__Extracted information__.
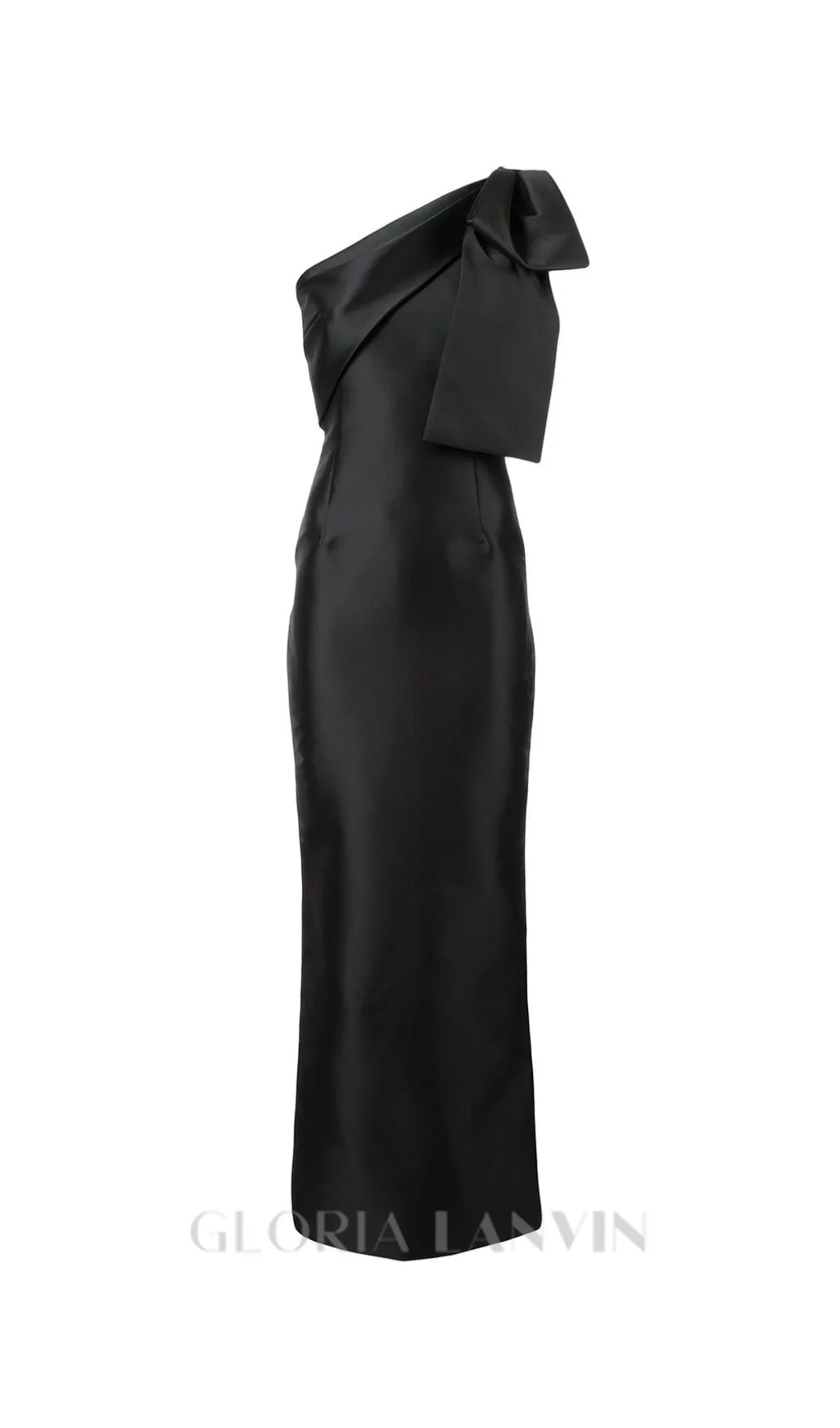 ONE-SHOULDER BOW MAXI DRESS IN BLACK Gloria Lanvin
---
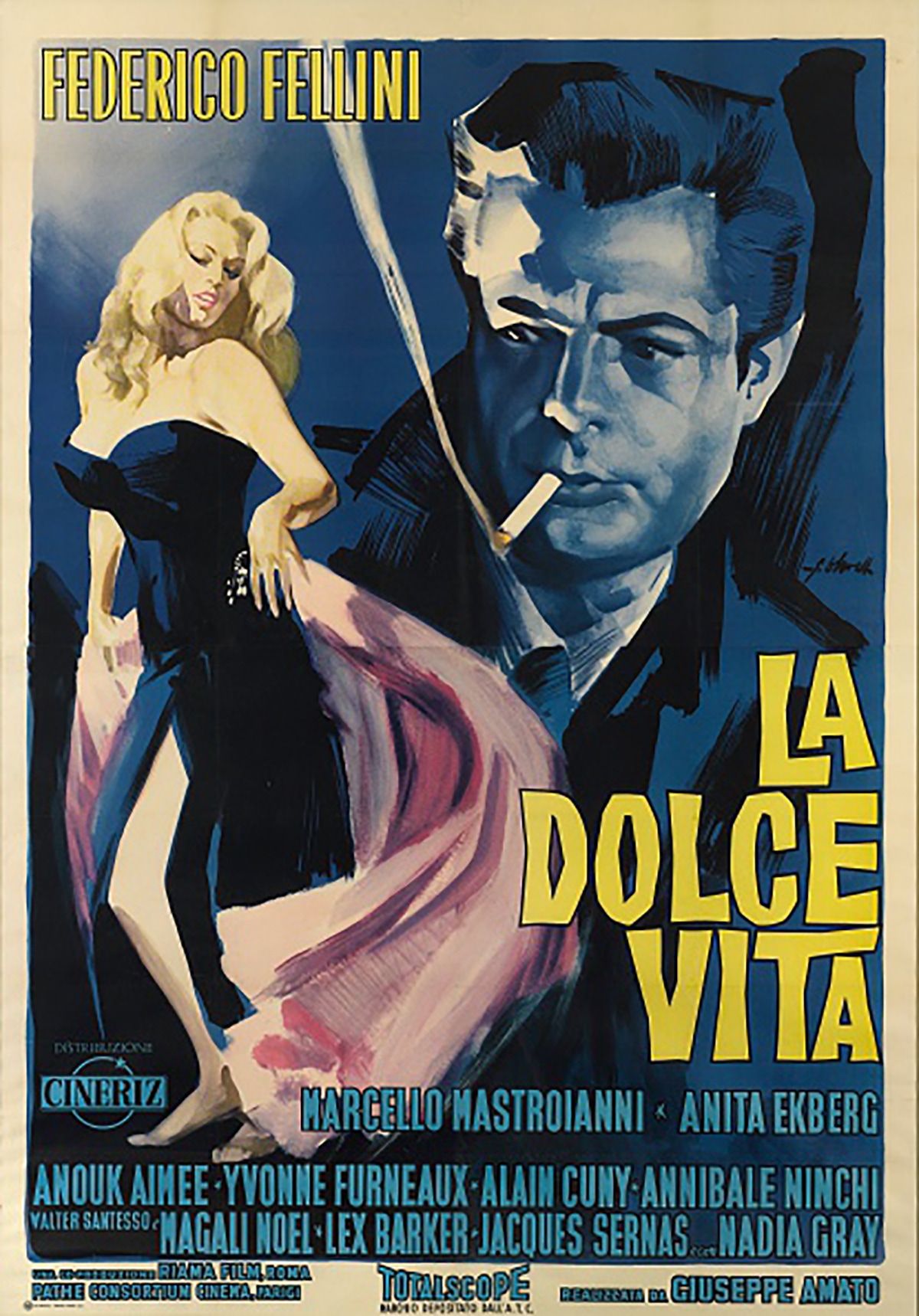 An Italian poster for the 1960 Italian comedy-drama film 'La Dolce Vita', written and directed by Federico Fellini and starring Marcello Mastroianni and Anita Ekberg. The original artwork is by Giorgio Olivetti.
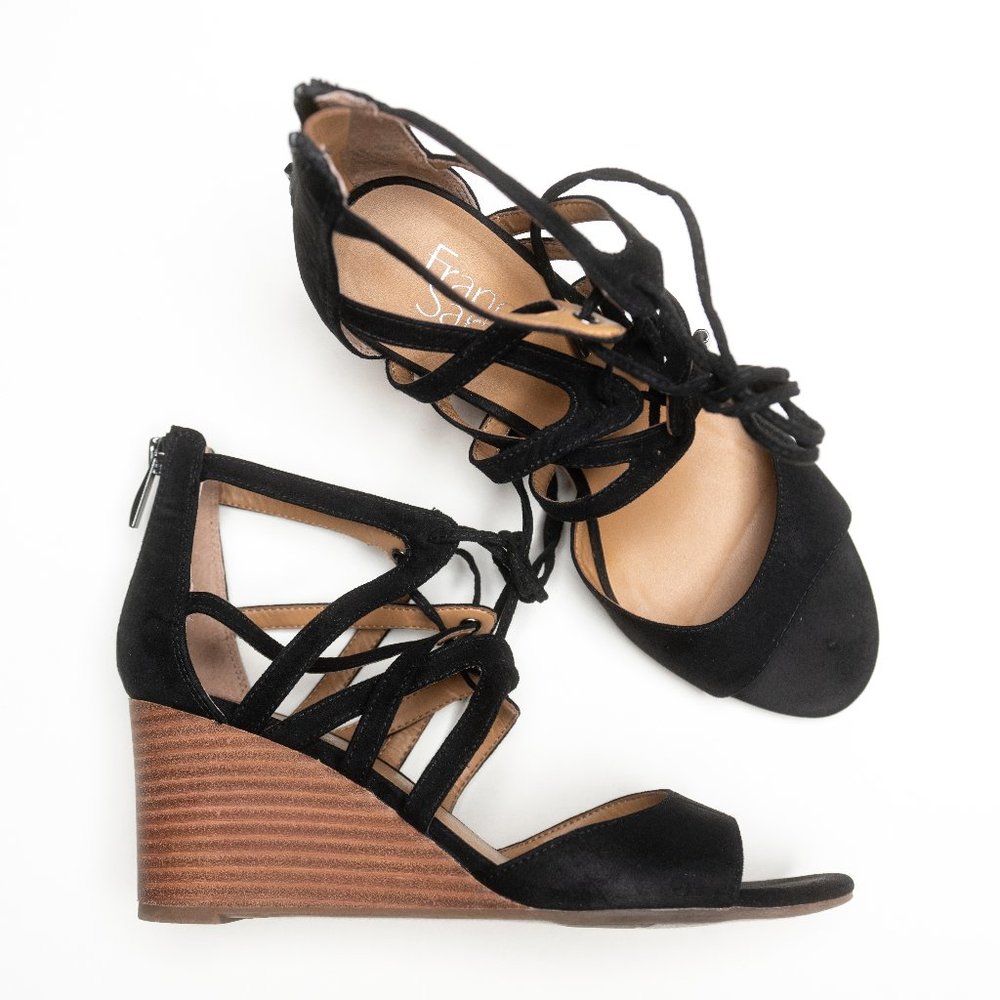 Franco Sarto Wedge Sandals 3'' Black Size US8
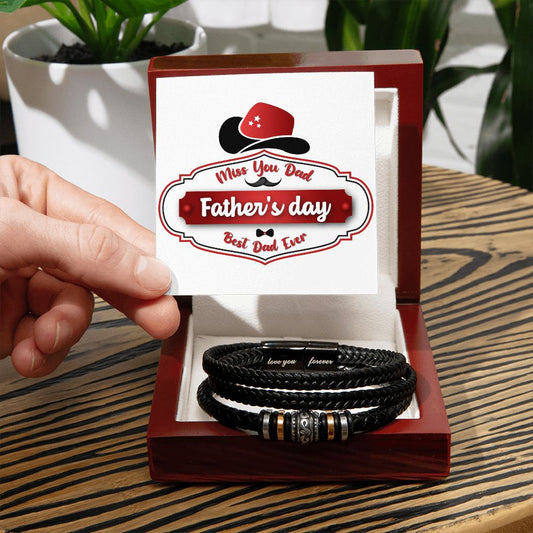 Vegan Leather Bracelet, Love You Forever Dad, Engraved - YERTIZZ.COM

__Work instructions__.
Reproduce word for word, with pictures dropped, only the part of the material above that opens with the line containing "An Italian poster" and closes with the line containing "Vegan Leather Bracelet, Love".

__Solution to this problem__.
 An Italian poster for the 1960 Italian comedy-drama film 'La Dolce Vita', written and directed by Federico Fellini and starring Marcello Mastroianni and Anita Ekberg. The original artwork is by Giorgio Olivetti.
 Franco Sarto Wedge Sandals 3'' Black Size US8
 Vegan Leather Bracelet, Love You Forever Dad, Engraved - YERTIZZ.COM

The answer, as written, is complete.